-----Original Message----- From: Michel Py [mailto:michel@arneill-py.sacramento.ca.us] Sent: Thursday, July 31, 2003 12:16 PM To: Jeroen Massar Cc: nanog@merit.edu Subject: RE: North America not interested in IP V6
Jeroen Massar wrote: It has a timeline (slides 47-50) showing the US falling behind for at least 3 years... come on US show what you are good for :)
Show me where there is money to make with IPv6 first :-) There are some exceptions, but here v6 is somehow like ISDN: I Still Don't Need.
Michel.
Christian Huitema of Microsoft presented on IPv6 at our Catalyst conference last month. He noted that Microsoft had a very difficult time creating xBox live due to issues with IPv4/NAT, which is one of the reasons they are pushing for IPv6 as the basis for future collaborative/peer-to-peer applications (for example, 3degrees). I believe Sony is also IPv6 enabling their products for the same reason. For these services to truly scale you've got be able to have true peer-to-peer computing. Right now, I'm not able to directly connect to my neighbor's computer to play a game if we are both on home LANs. I'm not able to directly connect to my PC at home when I'm on the road. I can't accept incoming phone calls to my netmeeting client without static configuration of my NAT gateway (same for an IP softphone). It would be a configuration nightmare to get four Vonage phones each with their own phone number. Christian provided a wonderful demonstration of a future interactive video application that would be difficult to scale if proxy/NAT services got in the way. There are lots of things that just don't work, and lots of opportunities for making money with IPv6. My own personal opinion is that over the next 5-10 year everything will come out of the box with IPv6 capabilities, making it fairly straightforward to turn on. I doubt we'll see much acceptance in the enterprise space before then, but there are significant opportunities to bring additional services into the home and serve those on home networks if we can eliminate NAT. As one person noted in response to Christian's speech. If there is no addressing shortage, why do I have to pay $75 a month for a DSL connection with a static IP address when a floating IP address only costs me $40 per month? Just my .02c irwin
On Thu, Jul 31, 2003 at 11:02:14AM -0600, Irwin Lazar quacked:
As one person noted in response to Christian's speech. If there is no addressing shortage, why do I have to pay $75 a month for a DSL connection with a static IP address when a floating IP address only costs me $40 per month?

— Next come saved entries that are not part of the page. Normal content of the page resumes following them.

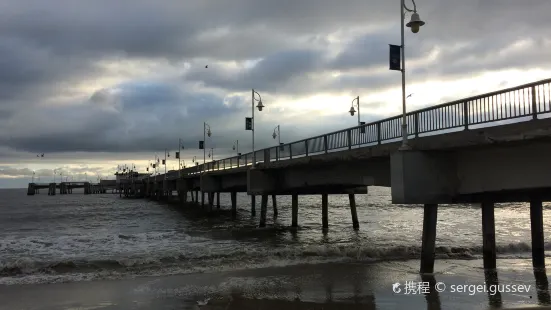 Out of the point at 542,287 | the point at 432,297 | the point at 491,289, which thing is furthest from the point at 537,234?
the point at 432,297

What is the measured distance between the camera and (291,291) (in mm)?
13125

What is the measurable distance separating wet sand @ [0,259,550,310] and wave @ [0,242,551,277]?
227cm

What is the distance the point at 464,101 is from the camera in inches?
542

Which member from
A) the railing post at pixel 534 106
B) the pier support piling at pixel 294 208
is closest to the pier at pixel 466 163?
the railing post at pixel 534 106

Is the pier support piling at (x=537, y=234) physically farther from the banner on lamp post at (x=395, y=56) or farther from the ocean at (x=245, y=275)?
the banner on lamp post at (x=395, y=56)

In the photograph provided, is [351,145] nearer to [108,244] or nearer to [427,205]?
[427,205]

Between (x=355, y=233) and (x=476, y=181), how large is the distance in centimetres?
1882

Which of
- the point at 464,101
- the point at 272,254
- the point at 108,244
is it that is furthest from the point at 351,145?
the point at 108,244

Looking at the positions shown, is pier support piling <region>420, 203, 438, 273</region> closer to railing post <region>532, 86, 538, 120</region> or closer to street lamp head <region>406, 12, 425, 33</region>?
railing post <region>532, 86, 538, 120</region>

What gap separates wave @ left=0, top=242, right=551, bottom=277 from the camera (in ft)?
60.3

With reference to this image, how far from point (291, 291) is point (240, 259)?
7214 millimetres

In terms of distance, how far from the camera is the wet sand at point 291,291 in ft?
38.2

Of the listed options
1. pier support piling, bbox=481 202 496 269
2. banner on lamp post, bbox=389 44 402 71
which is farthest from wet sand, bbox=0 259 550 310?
banner on lamp post, bbox=389 44 402 71

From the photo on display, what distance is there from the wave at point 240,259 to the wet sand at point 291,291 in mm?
2272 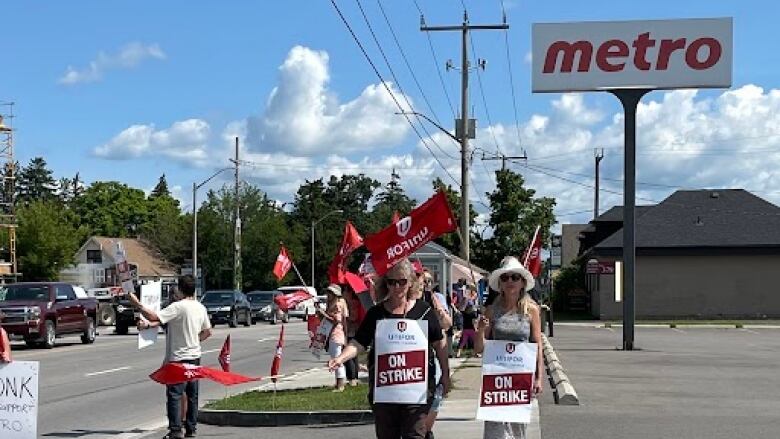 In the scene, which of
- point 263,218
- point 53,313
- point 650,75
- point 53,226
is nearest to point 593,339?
point 650,75

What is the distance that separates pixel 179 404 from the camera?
12.3m

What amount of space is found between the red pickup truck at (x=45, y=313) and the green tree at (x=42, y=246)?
126 feet

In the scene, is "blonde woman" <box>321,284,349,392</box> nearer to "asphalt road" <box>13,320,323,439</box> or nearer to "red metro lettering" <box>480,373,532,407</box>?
"asphalt road" <box>13,320,323,439</box>

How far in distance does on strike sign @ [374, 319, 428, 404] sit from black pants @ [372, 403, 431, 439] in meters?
0.05

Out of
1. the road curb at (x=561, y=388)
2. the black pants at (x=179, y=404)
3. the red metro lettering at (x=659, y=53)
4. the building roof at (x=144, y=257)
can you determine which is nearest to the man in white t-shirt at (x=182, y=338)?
the black pants at (x=179, y=404)

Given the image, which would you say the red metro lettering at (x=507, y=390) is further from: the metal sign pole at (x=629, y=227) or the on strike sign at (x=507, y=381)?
the metal sign pole at (x=629, y=227)

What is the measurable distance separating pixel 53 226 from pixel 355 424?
61.2 meters

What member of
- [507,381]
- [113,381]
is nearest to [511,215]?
[113,381]

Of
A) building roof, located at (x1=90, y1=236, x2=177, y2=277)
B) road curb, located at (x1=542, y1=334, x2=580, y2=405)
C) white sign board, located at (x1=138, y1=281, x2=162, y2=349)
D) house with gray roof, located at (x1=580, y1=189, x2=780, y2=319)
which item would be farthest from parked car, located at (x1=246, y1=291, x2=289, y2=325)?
building roof, located at (x1=90, y1=236, x2=177, y2=277)

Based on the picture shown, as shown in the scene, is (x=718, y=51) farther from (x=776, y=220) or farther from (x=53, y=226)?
(x=53, y=226)

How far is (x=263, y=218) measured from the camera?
88.1m

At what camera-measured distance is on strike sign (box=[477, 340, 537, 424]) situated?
813 cm

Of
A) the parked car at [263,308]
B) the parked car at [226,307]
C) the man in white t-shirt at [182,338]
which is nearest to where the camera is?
the man in white t-shirt at [182,338]

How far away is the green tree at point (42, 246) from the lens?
229 ft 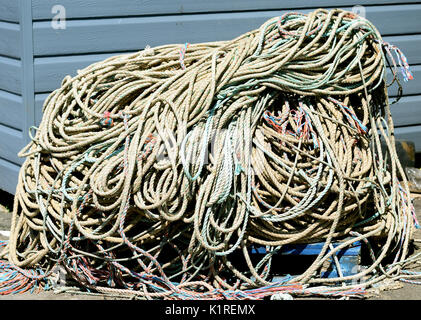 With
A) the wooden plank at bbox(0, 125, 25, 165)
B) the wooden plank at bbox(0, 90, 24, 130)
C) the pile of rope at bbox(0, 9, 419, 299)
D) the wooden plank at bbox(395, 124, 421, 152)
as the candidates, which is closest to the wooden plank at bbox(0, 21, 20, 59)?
the wooden plank at bbox(0, 90, 24, 130)

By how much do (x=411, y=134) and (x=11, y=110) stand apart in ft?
10.5

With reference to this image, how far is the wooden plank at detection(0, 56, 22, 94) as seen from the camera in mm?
4864

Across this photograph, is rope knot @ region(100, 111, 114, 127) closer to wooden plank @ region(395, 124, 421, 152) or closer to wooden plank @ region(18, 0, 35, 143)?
wooden plank @ region(18, 0, 35, 143)

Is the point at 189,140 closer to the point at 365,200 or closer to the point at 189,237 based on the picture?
the point at 189,237

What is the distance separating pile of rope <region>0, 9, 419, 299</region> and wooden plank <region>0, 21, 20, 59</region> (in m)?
0.93

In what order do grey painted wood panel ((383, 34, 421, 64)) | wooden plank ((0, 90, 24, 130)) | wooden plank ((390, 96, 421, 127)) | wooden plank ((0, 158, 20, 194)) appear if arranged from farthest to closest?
wooden plank ((390, 96, 421, 127)) < grey painted wood panel ((383, 34, 421, 64)) < wooden plank ((0, 158, 20, 194)) < wooden plank ((0, 90, 24, 130))

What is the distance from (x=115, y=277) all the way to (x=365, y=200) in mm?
1401

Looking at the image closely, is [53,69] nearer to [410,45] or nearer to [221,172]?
[221,172]

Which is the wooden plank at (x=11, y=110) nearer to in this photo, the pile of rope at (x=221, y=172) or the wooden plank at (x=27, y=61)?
the wooden plank at (x=27, y=61)

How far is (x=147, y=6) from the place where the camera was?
4.89m

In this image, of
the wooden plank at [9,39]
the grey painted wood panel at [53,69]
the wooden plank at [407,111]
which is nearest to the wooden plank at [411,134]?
the wooden plank at [407,111]

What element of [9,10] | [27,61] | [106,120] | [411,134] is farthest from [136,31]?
[411,134]

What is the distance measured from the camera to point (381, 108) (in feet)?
13.9

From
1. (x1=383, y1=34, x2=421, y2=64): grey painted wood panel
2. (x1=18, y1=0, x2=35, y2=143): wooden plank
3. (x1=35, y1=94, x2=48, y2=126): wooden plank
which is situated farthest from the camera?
(x1=383, y1=34, x2=421, y2=64): grey painted wood panel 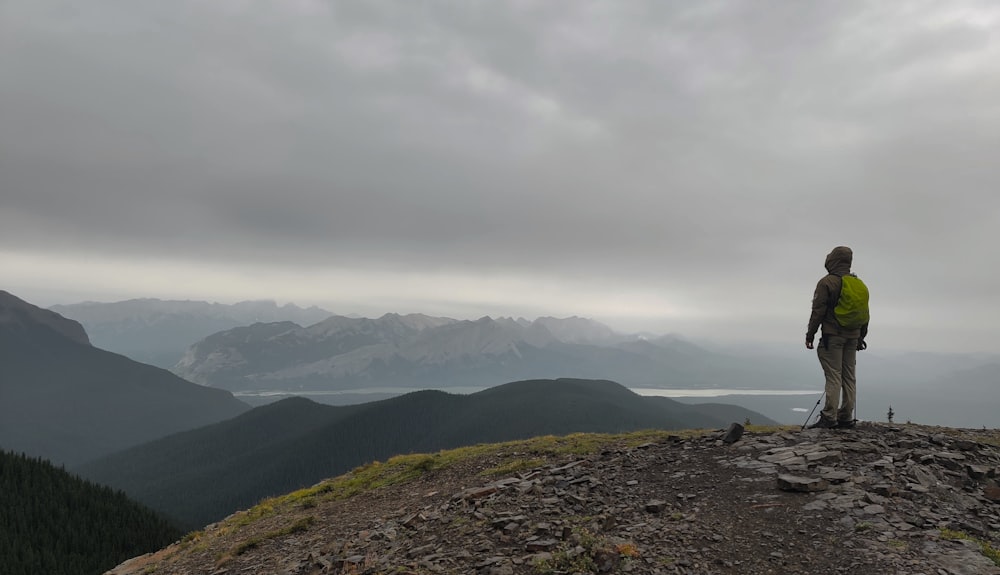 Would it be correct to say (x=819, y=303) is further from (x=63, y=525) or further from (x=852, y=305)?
(x=63, y=525)

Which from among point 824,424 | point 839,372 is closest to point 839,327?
point 839,372

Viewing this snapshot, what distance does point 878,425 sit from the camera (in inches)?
644

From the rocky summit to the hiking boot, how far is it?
74 cm

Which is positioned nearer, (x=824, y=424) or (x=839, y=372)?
(x=839, y=372)

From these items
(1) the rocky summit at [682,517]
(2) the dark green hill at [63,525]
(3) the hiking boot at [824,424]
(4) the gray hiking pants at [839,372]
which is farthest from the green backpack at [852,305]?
(2) the dark green hill at [63,525]

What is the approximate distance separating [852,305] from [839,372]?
2284 mm

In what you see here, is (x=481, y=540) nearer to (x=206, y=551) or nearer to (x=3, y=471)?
(x=206, y=551)

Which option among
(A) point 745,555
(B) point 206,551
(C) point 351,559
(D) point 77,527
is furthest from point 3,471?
(A) point 745,555

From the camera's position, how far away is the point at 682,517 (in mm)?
10656

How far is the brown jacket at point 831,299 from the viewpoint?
1509 centimetres

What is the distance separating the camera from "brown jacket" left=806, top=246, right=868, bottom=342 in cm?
1509

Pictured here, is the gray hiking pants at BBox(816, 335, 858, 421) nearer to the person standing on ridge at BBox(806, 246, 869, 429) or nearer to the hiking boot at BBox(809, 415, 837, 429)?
the person standing on ridge at BBox(806, 246, 869, 429)

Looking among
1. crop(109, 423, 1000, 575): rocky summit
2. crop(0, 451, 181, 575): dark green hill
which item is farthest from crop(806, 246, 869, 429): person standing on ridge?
crop(0, 451, 181, 575): dark green hill

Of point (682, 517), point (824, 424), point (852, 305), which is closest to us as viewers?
point (682, 517) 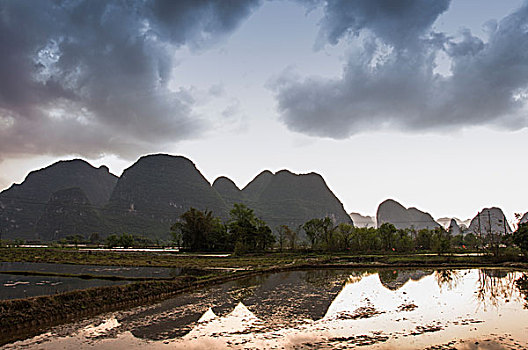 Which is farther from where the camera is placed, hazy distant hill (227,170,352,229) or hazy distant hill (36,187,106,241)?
hazy distant hill (227,170,352,229)

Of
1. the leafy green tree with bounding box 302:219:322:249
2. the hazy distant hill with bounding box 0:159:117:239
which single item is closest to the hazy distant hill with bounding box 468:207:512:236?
the leafy green tree with bounding box 302:219:322:249

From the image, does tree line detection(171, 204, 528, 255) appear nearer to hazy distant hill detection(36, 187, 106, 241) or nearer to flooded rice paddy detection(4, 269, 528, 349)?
flooded rice paddy detection(4, 269, 528, 349)

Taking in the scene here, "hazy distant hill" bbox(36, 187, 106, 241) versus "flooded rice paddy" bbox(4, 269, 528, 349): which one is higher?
"hazy distant hill" bbox(36, 187, 106, 241)

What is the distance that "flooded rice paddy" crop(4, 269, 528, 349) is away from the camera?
8.62 m

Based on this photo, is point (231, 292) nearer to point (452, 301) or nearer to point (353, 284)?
point (353, 284)

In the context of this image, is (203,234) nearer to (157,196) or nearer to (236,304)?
(236,304)

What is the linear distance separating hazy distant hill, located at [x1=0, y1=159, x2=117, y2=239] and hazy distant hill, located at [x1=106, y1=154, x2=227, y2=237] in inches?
1178

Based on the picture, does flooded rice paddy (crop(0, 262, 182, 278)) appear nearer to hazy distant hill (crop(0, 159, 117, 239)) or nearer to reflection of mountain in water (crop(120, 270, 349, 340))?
reflection of mountain in water (crop(120, 270, 349, 340))

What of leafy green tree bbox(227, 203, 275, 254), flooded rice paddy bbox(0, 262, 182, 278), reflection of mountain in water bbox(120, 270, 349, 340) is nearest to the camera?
reflection of mountain in water bbox(120, 270, 349, 340)

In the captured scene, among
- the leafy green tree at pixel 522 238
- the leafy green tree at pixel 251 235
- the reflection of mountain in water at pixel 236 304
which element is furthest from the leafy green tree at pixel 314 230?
the reflection of mountain in water at pixel 236 304

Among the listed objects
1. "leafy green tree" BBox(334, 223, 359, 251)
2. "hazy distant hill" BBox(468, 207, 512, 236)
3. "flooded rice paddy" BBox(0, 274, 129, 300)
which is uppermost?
"hazy distant hill" BBox(468, 207, 512, 236)

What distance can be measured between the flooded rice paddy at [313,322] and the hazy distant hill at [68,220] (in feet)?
357

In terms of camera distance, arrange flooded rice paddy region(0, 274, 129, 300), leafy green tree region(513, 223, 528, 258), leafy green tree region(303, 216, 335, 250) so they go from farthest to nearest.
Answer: leafy green tree region(303, 216, 335, 250), leafy green tree region(513, 223, 528, 258), flooded rice paddy region(0, 274, 129, 300)

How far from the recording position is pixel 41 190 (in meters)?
166
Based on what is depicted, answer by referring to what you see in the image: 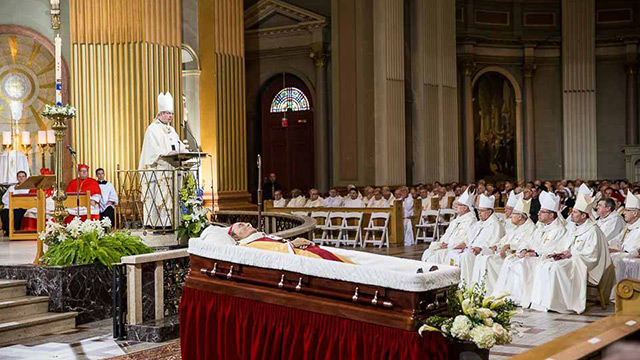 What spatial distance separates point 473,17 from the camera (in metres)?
30.4

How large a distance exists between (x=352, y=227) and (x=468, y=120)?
13.1 m

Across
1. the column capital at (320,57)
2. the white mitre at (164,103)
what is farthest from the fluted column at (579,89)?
the white mitre at (164,103)

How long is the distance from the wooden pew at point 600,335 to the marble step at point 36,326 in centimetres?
592

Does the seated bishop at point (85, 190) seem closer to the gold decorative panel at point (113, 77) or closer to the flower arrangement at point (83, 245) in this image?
the gold decorative panel at point (113, 77)

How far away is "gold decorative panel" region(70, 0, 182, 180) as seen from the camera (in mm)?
14422

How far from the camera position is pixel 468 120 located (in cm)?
2986

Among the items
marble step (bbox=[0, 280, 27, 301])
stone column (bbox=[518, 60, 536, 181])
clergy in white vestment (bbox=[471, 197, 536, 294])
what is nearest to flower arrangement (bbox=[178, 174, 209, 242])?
marble step (bbox=[0, 280, 27, 301])

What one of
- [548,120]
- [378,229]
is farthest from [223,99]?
Result: [548,120]

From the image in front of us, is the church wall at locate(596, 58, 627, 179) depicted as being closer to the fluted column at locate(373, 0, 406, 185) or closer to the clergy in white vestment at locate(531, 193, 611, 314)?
the fluted column at locate(373, 0, 406, 185)

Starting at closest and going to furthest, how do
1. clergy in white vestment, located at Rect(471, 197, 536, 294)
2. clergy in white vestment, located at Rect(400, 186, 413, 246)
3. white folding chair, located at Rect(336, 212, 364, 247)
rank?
1. clergy in white vestment, located at Rect(471, 197, 536, 294)
2. white folding chair, located at Rect(336, 212, 364, 247)
3. clergy in white vestment, located at Rect(400, 186, 413, 246)

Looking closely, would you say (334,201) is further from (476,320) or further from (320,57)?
(476,320)

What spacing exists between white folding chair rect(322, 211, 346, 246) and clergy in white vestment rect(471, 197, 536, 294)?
23.2 ft

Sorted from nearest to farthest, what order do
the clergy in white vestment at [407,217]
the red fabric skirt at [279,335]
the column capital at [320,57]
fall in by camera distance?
1. the red fabric skirt at [279,335]
2. the clergy in white vestment at [407,217]
3. the column capital at [320,57]

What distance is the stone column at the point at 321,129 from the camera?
25406mm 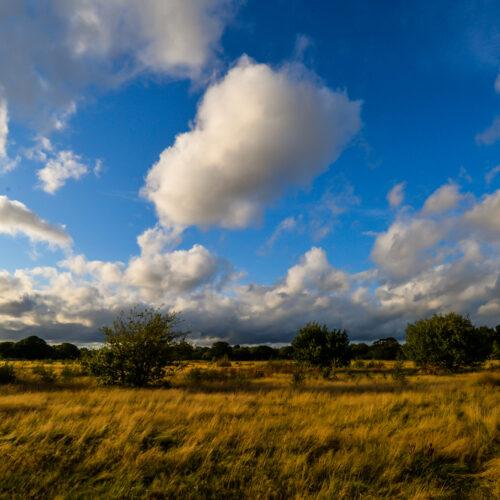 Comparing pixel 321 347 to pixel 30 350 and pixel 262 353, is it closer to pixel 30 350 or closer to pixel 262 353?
pixel 262 353

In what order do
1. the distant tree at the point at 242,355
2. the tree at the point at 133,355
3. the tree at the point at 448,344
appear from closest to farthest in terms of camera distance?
1. the tree at the point at 133,355
2. the tree at the point at 448,344
3. the distant tree at the point at 242,355

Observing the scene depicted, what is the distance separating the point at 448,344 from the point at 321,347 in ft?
41.5

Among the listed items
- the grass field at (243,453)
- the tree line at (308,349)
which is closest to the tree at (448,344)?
the tree line at (308,349)

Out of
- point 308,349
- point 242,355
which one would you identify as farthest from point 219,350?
point 308,349

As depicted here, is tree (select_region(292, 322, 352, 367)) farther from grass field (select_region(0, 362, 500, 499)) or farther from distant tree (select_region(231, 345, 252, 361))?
distant tree (select_region(231, 345, 252, 361))

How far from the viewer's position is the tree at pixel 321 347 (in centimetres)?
3353

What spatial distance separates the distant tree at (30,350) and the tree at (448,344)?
86.1 metres

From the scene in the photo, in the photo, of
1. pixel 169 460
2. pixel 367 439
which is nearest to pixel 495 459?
pixel 367 439

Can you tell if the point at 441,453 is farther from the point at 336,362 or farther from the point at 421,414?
the point at 336,362

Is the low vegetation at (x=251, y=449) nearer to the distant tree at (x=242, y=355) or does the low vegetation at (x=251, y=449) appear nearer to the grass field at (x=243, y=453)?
the grass field at (x=243, y=453)

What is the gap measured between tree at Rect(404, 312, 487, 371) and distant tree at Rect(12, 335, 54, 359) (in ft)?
282

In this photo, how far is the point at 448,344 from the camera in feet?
104

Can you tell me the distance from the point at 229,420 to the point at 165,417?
188 cm

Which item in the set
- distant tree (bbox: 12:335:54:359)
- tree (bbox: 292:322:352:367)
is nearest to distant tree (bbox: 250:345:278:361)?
tree (bbox: 292:322:352:367)
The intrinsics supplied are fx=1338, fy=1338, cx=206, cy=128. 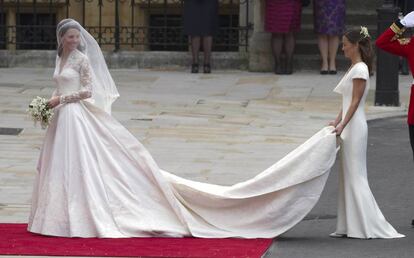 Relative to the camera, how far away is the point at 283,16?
2116 cm

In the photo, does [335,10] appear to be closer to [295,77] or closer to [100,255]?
[295,77]

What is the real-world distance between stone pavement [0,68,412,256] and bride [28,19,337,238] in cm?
86

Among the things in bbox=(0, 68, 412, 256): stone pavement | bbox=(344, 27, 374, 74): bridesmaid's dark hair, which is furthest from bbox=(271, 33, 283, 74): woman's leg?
bbox=(344, 27, 374, 74): bridesmaid's dark hair

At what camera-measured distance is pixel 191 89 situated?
786 inches

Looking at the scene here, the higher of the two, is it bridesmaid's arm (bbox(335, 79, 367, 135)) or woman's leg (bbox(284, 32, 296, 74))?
bridesmaid's arm (bbox(335, 79, 367, 135))

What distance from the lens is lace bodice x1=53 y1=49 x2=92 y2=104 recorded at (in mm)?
10883

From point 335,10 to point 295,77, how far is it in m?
1.23

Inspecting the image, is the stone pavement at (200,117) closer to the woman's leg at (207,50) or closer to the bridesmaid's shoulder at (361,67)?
the woman's leg at (207,50)

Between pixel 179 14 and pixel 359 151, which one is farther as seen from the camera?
pixel 179 14

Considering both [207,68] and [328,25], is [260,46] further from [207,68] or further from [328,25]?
[328,25]

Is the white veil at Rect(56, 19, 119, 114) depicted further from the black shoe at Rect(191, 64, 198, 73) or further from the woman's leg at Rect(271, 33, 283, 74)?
the black shoe at Rect(191, 64, 198, 73)

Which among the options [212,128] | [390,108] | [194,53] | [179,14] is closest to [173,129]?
[212,128]

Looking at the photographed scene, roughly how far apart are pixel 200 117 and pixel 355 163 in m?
7.06

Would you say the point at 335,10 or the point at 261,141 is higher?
the point at 335,10
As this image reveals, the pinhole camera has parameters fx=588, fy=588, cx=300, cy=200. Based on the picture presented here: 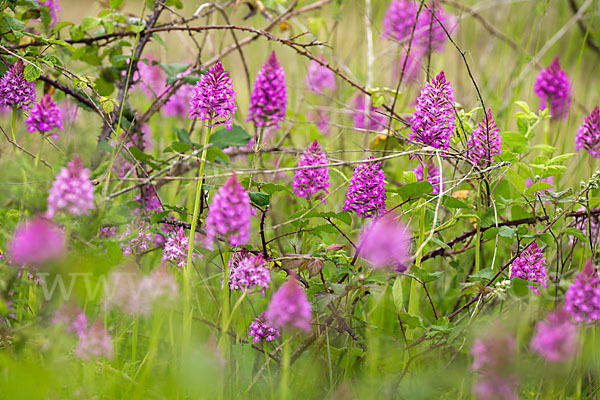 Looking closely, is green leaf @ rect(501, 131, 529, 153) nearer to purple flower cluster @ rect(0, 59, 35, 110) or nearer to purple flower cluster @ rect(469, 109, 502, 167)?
purple flower cluster @ rect(469, 109, 502, 167)

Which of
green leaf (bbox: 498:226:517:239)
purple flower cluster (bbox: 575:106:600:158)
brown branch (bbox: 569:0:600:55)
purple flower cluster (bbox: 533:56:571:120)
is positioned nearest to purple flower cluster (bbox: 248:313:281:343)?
green leaf (bbox: 498:226:517:239)

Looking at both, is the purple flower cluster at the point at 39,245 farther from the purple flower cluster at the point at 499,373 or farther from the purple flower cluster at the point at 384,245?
the purple flower cluster at the point at 499,373

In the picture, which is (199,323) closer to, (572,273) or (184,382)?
(184,382)

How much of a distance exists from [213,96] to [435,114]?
489 mm

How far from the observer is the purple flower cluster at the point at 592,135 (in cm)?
170

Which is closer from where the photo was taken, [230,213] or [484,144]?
[230,213]

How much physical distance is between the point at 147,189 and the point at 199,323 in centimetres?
50

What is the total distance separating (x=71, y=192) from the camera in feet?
3.17

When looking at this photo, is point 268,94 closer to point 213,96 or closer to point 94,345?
point 213,96

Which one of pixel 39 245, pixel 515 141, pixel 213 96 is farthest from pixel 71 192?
pixel 515 141

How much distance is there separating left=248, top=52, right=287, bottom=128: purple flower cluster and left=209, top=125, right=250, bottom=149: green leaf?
10cm

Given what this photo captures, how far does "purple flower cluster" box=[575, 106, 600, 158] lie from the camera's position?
1.70 meters

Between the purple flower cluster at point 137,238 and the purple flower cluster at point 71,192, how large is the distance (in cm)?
36

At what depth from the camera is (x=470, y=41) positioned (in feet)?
11.4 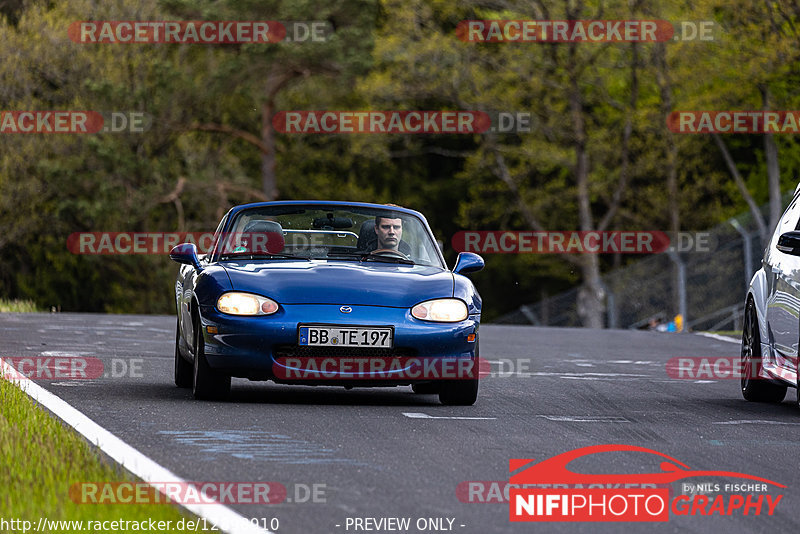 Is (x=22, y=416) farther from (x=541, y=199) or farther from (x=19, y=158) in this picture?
(x=541, y=199)

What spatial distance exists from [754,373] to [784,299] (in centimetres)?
111

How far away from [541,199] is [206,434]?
44.7 m

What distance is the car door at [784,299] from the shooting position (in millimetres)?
10320

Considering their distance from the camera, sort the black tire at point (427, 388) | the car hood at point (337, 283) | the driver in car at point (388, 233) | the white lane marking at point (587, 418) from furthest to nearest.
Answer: the driver in car at point (388, 233) < the black tire at point (427, 388) < the car hood at point (337, 283) < the white lane marking at point (587, 418)

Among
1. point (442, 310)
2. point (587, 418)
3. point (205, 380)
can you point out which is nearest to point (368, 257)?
point (442, 310)

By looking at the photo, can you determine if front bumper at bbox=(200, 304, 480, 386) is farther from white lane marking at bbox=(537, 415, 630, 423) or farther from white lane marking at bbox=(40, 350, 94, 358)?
white lane marking at bbox=(40, 350, 94, 358)

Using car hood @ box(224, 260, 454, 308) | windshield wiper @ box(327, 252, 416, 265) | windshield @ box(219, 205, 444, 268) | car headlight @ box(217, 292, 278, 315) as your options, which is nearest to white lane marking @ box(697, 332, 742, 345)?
windshield @ box(219, 205, 444, 268)

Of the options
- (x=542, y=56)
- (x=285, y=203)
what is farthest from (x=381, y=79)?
(x=285, y=203)

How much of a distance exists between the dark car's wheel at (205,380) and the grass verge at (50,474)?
1.37 m

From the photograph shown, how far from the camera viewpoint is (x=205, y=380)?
10.3 m

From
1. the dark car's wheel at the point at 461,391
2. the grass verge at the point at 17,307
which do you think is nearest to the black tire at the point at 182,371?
the dark car's wheel at the point at 461,391

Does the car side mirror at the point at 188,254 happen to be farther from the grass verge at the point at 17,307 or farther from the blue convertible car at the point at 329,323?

I think there are two parts to the answer. a) DHCP'ing everyone is just easier. b) Why do you pay less for a flight with a saturday night stopover? - Market segmentation. People with static addresses usually want to do things like run servers, and are probably willing to pay for the privilege. -Dave -- work: dga@lcs.mit.edu me: dga@pobox.com MIT Laboratory for Computer Science http://www.angio.net/ I do not accept unsolicited commercial email. Do not spam me.
David G. Andersen wrote:
b) Why do you pay less for a flight with a saturday night stopover? - Market segmentation. People with static addresses usually want to do things like run servers, and are probably willing to pay for the privilege.
And by paying for it, they subsidize the bandwidth used by others. Do people really think 1.5Mb/s is only $40/mo? Ha! -Jack
DGA> Date: Thu, 31 Jul 2003 13:10:20 -0400 DGA> From: David G. Andersen DGA> a) DHCP'ing everyone is just easier. Assign unchanging IP address based on MAC address. Done/done. Eddy -- Brotsman & Dreger, Inc. - EverQuick Internet Division Bandwidth, consulting, e-commerce, hosting, and network building Phone: +1 785 865 5885 Lawrence and [inter]national Phone: +1 316 794 8922 Wichita _________________________________________________________________ DO NOT send mail to the following addresses : blacklist@brics.com -or- alfra@intc.net -or- curbjmp@intc.net Sending mail to spambait addresses is a great way to get blocked.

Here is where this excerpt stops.